* **What to work on**
Repetition must be exact and must stop with the line bearing "Swallow (Cecropis daurica)". It begins at the first line of the records and includes no pictures.

(Items from a dataset)
----------------

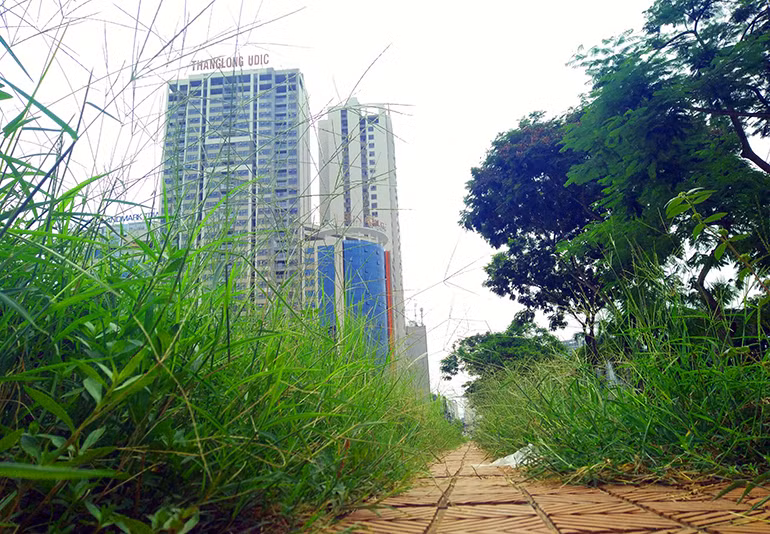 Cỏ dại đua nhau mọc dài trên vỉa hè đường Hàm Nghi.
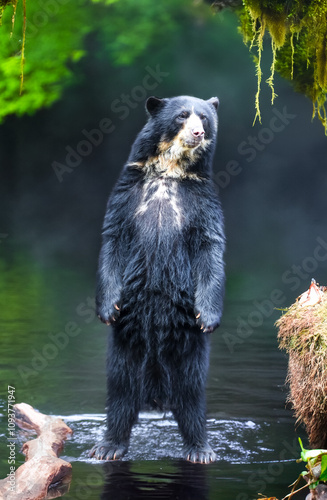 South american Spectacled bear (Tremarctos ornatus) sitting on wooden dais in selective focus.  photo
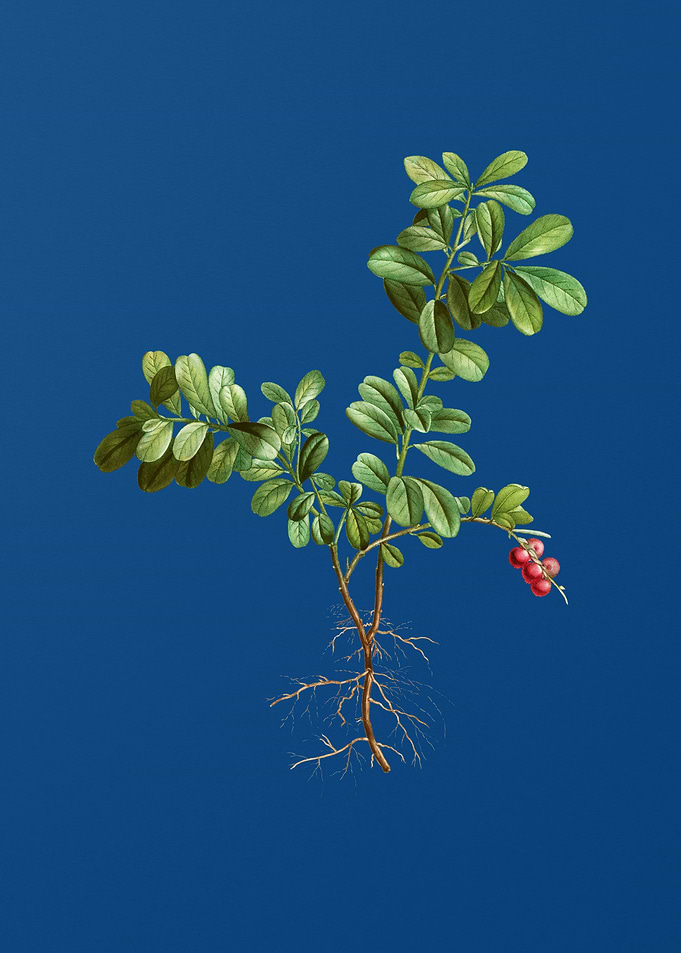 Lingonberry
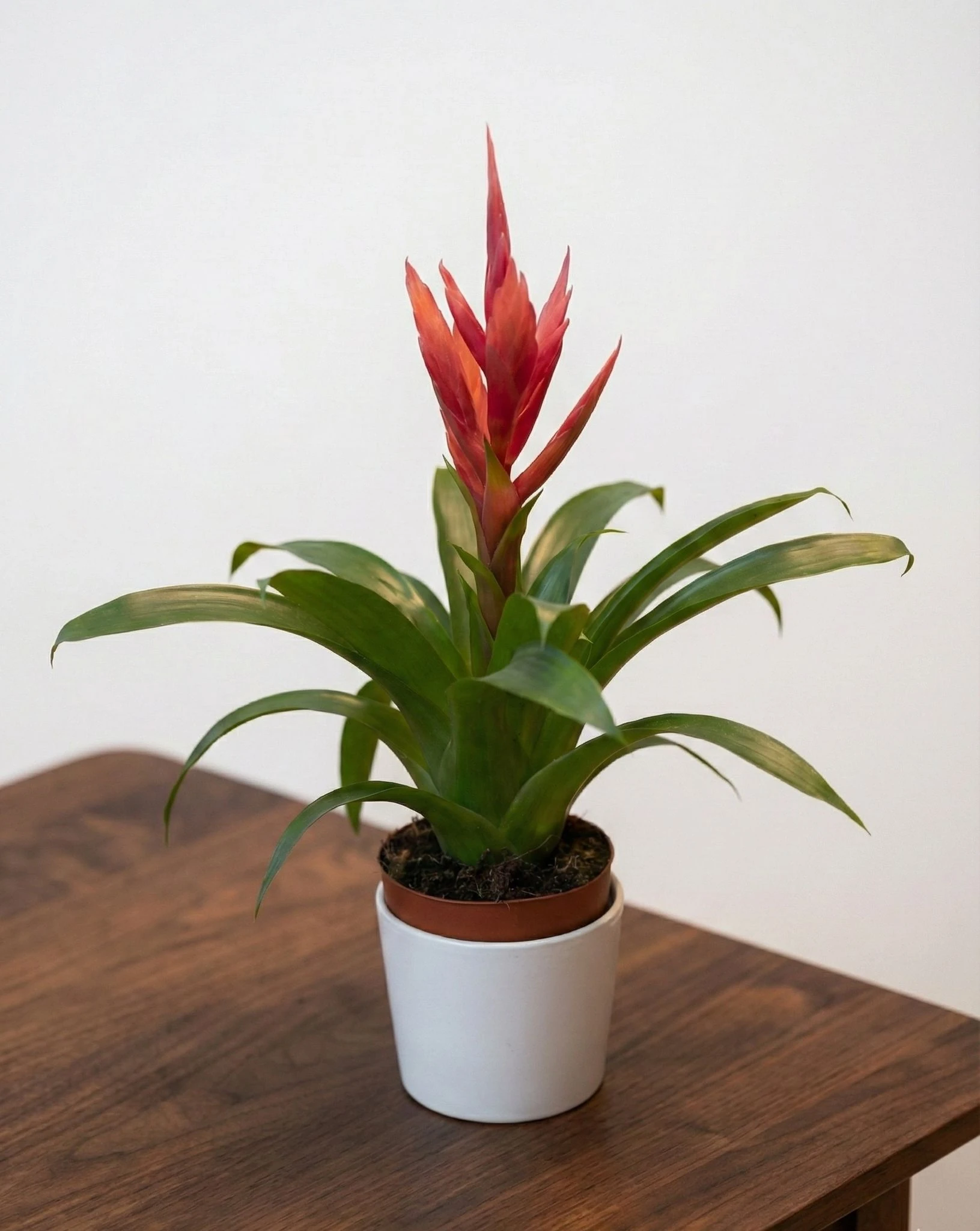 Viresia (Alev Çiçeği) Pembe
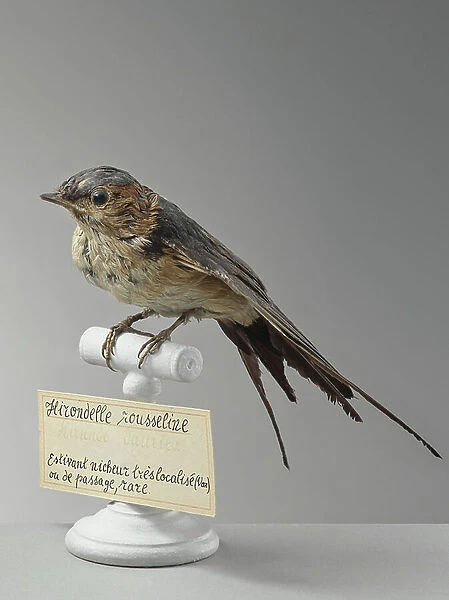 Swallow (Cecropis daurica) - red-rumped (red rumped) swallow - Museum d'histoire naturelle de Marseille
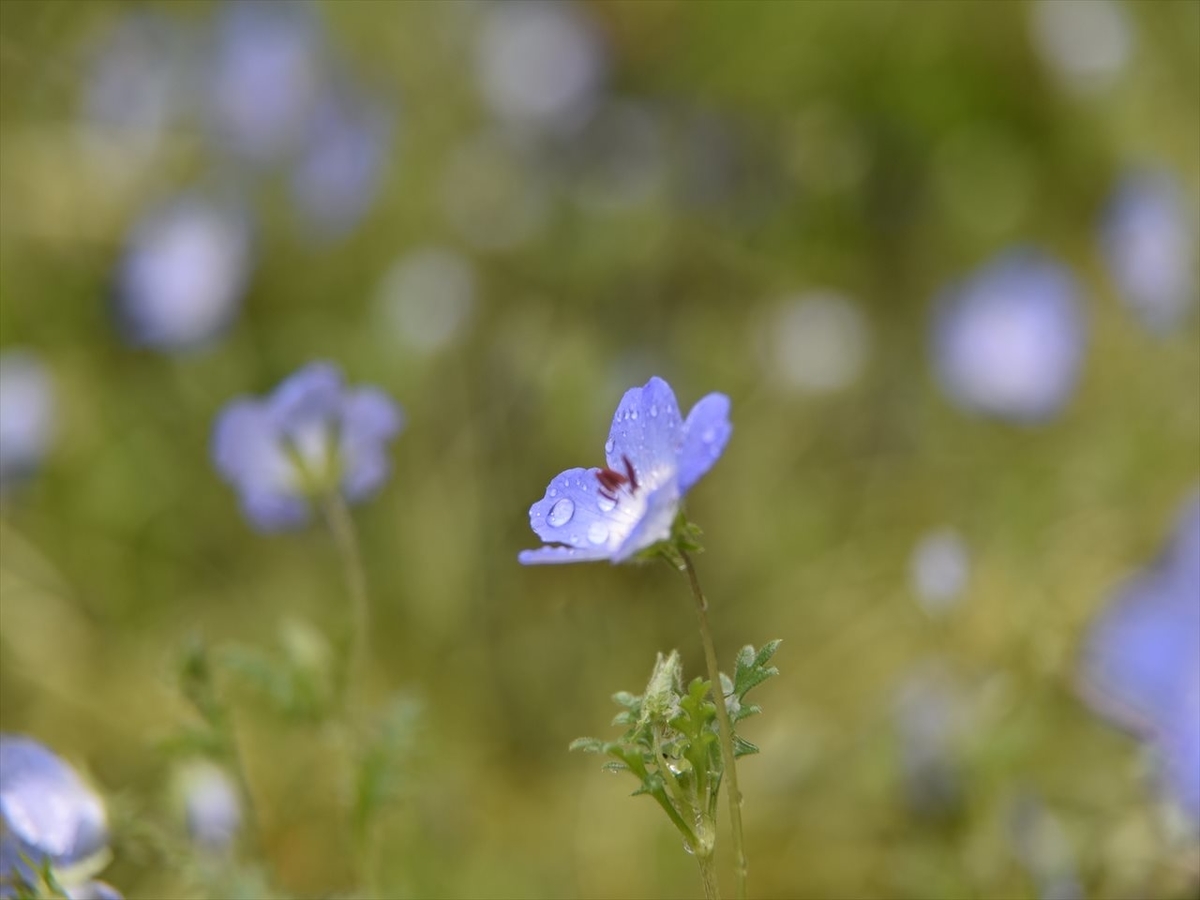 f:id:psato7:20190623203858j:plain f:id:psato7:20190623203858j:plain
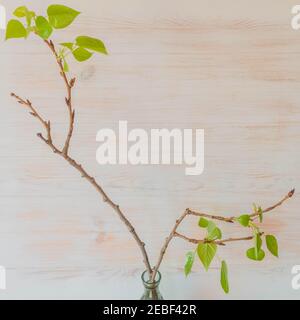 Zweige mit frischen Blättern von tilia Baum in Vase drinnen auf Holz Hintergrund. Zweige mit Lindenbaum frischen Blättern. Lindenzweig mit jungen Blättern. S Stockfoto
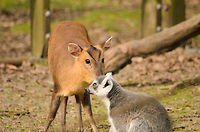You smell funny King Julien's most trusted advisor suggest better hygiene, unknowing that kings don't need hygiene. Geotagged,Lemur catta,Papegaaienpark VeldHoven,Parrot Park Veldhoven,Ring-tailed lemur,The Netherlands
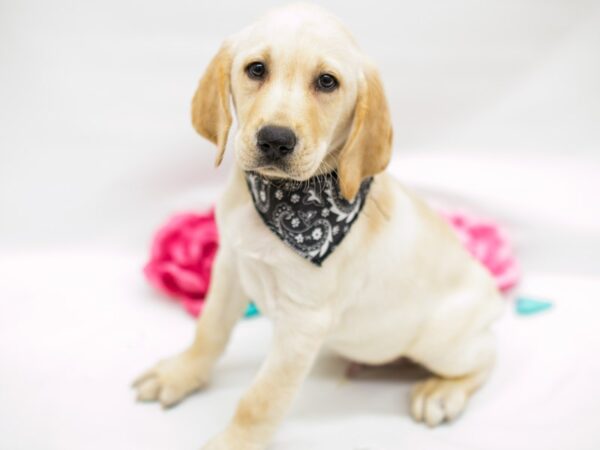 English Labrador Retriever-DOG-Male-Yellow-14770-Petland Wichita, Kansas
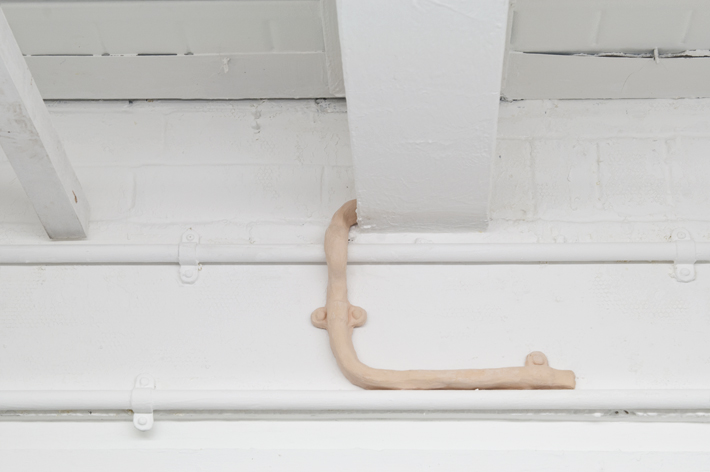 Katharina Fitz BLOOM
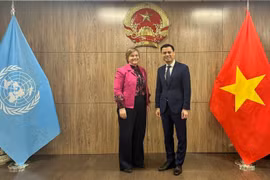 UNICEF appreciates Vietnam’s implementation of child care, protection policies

----------------

* **Response**
 Cỏ dại đua nhau mọc dài trên vỉa hè đường Hàm Nghi.
 South american Spectacled bear (Tremarctos ornatus) sitting on wooden dais in selective focus.  photo
 Lingonberry
 Viresia (Alev Çiçeği) Pembe
 Swallow (Cecropis daurica) - red-rumped (red rumped) swallow - Museum d'histoire naturelle de Marseille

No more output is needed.